Fotos machen die Teilnehmer der Führung im Fliegerhorst an der Stelle, an der eine Tafel an den dort erschossenen Polizeibeamten Anton Fliegerbauer erinnert. (Foto: Lukas Barth)

Hans Völkl erzählt der Sportlergruppe, dass er im letzten Monat seines zweijährigen Dienstes bei der Luftwaffe vom 5. auf den 6. September für die Nachtschicht eingeteilt war. Der Unteroffizier hatte während der Olympischen Spiele die Aufgabe, die Piloten jener Flugzeuge zu betreuen, die die Olympiateilnehmer nach Fürstenfeldbruck brachten. Nächste Station war das Olympische Dorf. Dort drangen am frühen Morgen des 5. September Angehörige der Terrorgruppe Schwarzer September in die Unterkunft der israelischen Mannschaft ein, erschossen zwei Olympiateilnehmer, unter ihnen Yossef Romano, und nahmen neun Geiseln. Im Tower von Fürstenfeldbruck verfolgte Hans Völkl die Ereignisse auf einem kleinen Schwarz-weiß-Fernseher. Plötzlich und unerwartet landet eine Passagiermaschine, wird seitlich vom Tower abgestellt und wartet mit laufenden Turbinen. So erinnert sich der heute 71-Jährige, der danach in seinem kleinen TV-Gerät den Abflug von zwei Hubschraubern in München mit den Terroristen und ihren Geiseln an Bord sieht und annimmt, dass sie zum Flugplatz München-Riem unterwegs sind. "Zehn Minuten später habe ich die Helikopter aus Richtung Gröbenzell kommen gehört." Von seinem Platz im Erdgeschoss aus, sieht er, wie Terroristen aus den Hubschraubern übers Vorfeld zu der Passagiermaschine laufen, sie inspizieren und wieder zurückgehen. In dem Moment begann ein Feuergefecht zwischen der Polizei und den Attentätern, vor dem sich Völkl unter seinem Schreibtisch in Sicherheit brachte.

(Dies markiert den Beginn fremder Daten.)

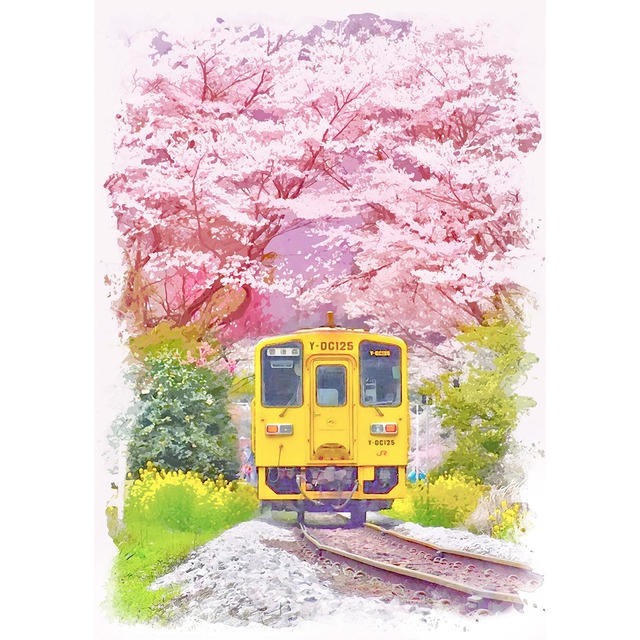 絵画(風景画) 日本の春 福岡県久大本線キハ125形気動車と桜 インテリアアート額付き 水彩画・油絵風 WAT0813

Er sieht noch, wie zu Beginn der Schießerei der Polizist Anton Fliegerbauer aus dem Gebäude stürmt - und vor dem Eingang tödlich getroffen wird.

Auf einer Tafel vor dem alten Tower wird an den Anschlag auf die israelischen Sportler erinnert. (Foto: Lukas Barth)

Völkl, das ist ihm anzusehen, bewegen die Schilderungen sehr. Es sind zwar 50 Jahre vergangen, aber er hat an diesem Ort Menschen sterben sehen. Er hat die israelischen Opfer in den Hubschraubern gesehen und die zwei der drei Terroristen, die schwer verletzt überlebten und in seinem Büro gefesselt und blutend auf dem Boden lagen. Er kann diese Eindrücke ohne Verklärung oder Pathos vermitteln, er tut dies auf Englisch, und den Gästen des Historischen Vereins und des Eichenauer Sportvereins dürfte klar geworden sein, dass es eben kein Museumsbesuch ist, den sie da erleben. Es ist nun die Aufgabe von Pavel Kolosovski, an diesem Wochenende über Olympia 1972, das Attentat und Yossef Romano zu reden. Ihn selbst verbindet mit Romano, dass er zwischen 2000 und 2009 selbst israelischer Champion im Mittelgewicht war und am Gedächtnisturnier für Romano teilgenommen hat. Damals, erzählt er im erste Stock des Towers mit Ausblick auf das Vorfeld, wo die Sportler umgebracht wurden, habe er von Romanos Witwe Ilana eine Auszeichnung bekommen. Von jener Frau, die 2012 vergeblich versuchte, dass bei den Olympischen Spielen der israelischen Opfer mit einer Schweigeminute gedacht wird.